With thick, black smoke pouring out of the chimney of the Sistine Chapel indicating that the College of Cardinals had not elected a new pope on their first ballot, Fox News Channel's Shep Smith took to the air at 3:15 p.m. EDT to grill Catholic priest and Fox News contributor Fr. Jonathan Morris on the Catholic Church being out of touch with the modern world, particularly regarding how women cannot serve as priests.
While Morris defended Catholic orthodoxy and noted that there are some things -- such as the all-male priesthood -- which not even a pope could change, Smith objected that those notions grounded in 2,000-year-old Scripture were just, well, antiquated and irrelevant and that the Church should adapt to the ethos of the age (h/t @tomferrari on Twitter):
Father JONATHAN MORRIS: ...There's a disconnect too between what a lot of people are living and what the Bible teaches. And so, the way the Vatican, and the way the cardinals will be looking at this would be, how can we be faithful to what we believe we've been given by God -- that is the teachings of the Bible and the tradition that's been passed on -- while at the same time reaching out and presenting it in a way that's both joyful and convincing. And that's tough. And so you have to figure out, okay, what is it that we can change, and what is it that is not ours to change?
SHEPARD SMITH: Maybe a question would be, why is it that the thinking that half the population should be excluded as leadership, how can you be relevant and a figure of authority and one to whom we should pay attention when you exclude half the population when you don't allow women to be a part of things? I mean, just begin there.
[...]
SMITH: Why can't a woman be cardinal?
MORRIS: So, it doesn't necessarily mean-- If you understand priesthood, or bishop, the question of authority, well then, women should be able to do that. But the way Jesus set it up, even with his first disciples, was he had women doing all sorts of things that went against all sorts of social habits or norms. And yet he chose 12 men to pass on a spiritual paternity.

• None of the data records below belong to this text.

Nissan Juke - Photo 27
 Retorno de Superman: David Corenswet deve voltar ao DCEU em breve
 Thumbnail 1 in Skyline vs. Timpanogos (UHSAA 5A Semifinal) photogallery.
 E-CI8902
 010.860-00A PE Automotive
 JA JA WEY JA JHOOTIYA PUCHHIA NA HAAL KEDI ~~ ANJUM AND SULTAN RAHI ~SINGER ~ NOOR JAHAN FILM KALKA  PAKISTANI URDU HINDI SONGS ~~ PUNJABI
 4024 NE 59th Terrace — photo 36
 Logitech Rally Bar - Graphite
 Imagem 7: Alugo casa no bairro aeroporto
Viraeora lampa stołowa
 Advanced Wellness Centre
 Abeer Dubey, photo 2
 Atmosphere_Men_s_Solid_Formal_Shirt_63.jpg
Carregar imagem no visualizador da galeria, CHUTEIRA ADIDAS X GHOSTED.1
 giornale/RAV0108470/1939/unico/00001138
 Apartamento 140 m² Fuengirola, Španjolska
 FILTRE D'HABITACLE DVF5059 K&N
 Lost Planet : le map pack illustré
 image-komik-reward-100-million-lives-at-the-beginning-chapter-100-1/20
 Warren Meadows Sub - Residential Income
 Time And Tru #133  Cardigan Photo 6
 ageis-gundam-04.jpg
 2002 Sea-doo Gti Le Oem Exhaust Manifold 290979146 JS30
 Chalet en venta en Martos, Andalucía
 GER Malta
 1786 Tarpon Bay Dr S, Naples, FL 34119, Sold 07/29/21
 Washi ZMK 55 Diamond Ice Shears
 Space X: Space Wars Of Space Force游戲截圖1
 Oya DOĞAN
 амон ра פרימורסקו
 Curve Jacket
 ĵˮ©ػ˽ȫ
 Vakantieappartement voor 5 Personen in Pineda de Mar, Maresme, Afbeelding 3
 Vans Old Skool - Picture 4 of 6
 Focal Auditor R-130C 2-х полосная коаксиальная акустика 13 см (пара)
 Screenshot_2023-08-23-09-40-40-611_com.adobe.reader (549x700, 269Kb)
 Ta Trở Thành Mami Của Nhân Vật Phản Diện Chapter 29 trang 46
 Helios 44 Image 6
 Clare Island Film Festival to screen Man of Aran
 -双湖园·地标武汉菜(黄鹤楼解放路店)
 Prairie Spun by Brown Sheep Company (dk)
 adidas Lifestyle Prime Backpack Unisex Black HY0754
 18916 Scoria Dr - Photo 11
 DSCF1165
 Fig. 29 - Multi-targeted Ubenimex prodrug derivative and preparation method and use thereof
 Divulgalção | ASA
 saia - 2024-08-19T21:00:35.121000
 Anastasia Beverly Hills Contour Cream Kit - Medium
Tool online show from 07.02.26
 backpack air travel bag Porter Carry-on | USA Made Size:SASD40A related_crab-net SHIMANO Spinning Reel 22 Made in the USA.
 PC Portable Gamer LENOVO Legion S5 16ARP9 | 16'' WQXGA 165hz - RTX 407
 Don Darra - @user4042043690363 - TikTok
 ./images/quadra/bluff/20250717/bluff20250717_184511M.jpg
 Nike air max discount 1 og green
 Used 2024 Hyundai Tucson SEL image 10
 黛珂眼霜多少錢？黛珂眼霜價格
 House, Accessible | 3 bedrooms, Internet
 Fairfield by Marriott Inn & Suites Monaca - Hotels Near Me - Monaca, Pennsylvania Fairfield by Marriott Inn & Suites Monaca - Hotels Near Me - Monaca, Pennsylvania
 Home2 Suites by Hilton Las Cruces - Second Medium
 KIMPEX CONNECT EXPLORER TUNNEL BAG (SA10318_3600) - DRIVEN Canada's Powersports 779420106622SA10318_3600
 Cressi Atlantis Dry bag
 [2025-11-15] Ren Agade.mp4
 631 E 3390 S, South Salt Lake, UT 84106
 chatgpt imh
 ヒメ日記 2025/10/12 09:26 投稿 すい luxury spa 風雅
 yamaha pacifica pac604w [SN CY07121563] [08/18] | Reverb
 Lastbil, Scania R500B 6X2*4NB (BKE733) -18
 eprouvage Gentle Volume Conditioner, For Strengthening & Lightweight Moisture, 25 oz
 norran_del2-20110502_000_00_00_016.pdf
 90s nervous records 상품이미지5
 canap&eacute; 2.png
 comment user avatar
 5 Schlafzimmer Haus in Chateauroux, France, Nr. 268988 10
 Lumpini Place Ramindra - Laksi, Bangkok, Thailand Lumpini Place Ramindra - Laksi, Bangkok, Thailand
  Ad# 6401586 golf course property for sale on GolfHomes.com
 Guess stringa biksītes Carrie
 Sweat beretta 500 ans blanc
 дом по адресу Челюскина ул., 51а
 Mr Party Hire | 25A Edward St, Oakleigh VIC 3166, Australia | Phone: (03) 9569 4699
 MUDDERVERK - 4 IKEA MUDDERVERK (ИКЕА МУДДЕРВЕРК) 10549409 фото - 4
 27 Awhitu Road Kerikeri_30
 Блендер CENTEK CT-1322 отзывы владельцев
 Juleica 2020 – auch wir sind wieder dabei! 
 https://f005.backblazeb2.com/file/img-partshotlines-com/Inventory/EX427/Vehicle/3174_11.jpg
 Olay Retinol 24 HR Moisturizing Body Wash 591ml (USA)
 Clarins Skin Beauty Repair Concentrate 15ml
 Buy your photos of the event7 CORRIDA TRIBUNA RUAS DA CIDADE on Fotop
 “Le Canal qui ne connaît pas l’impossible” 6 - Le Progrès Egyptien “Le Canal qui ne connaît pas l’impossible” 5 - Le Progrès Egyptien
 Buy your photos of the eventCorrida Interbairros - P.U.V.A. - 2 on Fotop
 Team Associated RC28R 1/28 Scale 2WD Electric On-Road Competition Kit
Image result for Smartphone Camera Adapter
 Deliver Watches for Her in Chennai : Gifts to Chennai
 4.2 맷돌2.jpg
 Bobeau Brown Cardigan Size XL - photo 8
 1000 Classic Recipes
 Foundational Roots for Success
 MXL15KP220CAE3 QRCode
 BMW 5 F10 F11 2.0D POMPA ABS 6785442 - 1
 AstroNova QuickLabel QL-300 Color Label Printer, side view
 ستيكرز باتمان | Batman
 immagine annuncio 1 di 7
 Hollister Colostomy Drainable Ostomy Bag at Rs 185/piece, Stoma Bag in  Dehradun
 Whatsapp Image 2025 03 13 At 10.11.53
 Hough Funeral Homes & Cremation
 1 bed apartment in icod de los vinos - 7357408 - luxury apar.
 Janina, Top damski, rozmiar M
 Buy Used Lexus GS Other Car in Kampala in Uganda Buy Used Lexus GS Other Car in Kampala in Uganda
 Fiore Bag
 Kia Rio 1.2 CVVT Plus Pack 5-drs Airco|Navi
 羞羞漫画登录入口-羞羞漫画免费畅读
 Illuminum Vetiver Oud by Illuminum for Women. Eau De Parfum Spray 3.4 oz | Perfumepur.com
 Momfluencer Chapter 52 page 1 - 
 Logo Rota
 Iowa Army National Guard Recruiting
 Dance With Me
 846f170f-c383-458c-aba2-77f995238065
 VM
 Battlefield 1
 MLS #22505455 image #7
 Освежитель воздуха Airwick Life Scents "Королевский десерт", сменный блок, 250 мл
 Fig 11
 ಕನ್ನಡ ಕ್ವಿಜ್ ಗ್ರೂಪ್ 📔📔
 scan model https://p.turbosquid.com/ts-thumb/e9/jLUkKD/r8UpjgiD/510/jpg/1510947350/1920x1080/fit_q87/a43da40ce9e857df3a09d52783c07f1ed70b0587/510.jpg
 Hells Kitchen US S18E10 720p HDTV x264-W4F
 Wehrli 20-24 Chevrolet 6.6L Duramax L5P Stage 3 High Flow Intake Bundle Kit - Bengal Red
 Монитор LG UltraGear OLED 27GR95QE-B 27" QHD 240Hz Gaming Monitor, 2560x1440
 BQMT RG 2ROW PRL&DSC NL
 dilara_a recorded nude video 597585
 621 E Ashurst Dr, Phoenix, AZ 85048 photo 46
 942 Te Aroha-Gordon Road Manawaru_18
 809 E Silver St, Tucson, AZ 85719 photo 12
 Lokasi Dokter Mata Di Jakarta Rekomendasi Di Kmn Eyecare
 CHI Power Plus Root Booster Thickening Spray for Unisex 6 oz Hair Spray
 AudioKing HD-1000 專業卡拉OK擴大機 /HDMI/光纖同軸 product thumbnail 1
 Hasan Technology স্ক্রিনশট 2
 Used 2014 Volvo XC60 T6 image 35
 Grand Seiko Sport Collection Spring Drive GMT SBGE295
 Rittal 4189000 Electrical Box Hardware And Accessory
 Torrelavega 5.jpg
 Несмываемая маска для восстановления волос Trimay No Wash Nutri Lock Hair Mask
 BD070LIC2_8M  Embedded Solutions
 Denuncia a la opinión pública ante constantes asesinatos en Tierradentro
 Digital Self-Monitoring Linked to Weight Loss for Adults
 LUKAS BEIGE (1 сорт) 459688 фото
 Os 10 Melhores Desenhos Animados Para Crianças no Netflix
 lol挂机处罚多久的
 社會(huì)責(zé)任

And the fact that, when we see these pictures of all men leading the Vatican, I think personally there should be more women involved here in the Vatican. I look at it like, would the sex abuse crisis, have happened to the degree that it has happened, and a coverup, if there were more women involved in serious positions of leadership within the church? I don't think it would have happened in the same way. I think you have a point.
That doesn't mean that the church can say, we are going to change what Jesus did and say that women should be priests. Priest doesn't mean necessary--
SMITH: But that was 2,000 years ago. Women didn't get to do anything 2,000 years ago. But the church doesn't evolve with society? In a time when, we don't even have to go back that far until certain races were three-fifths and women didn't get to do anything. The world has changed, and everyone now understands that women are as capable of doing anything as men are. But not within the church? There's a disconnect that --
MORRIS: I think a lot of women could give a much better homily than I could.
<SMITH laughing>
MORRIS: Right? Absolutely.
SMITH: I don't think that sex really decides how good your homily can be. Why does the church think it does?
MORRIS: It doesn't. It doesn't. It's a theological issue of what is the priesthood?.... Men and women are different and they have different roles. And the Church is saying, the priesthood in particular, it's about spiritual paternity. Jesus set it up that way and we can't change it. But, should women be more involved in leadership in the church? You better believe it! I would say so, and I hope they're saying that in there [the papal conclave] too.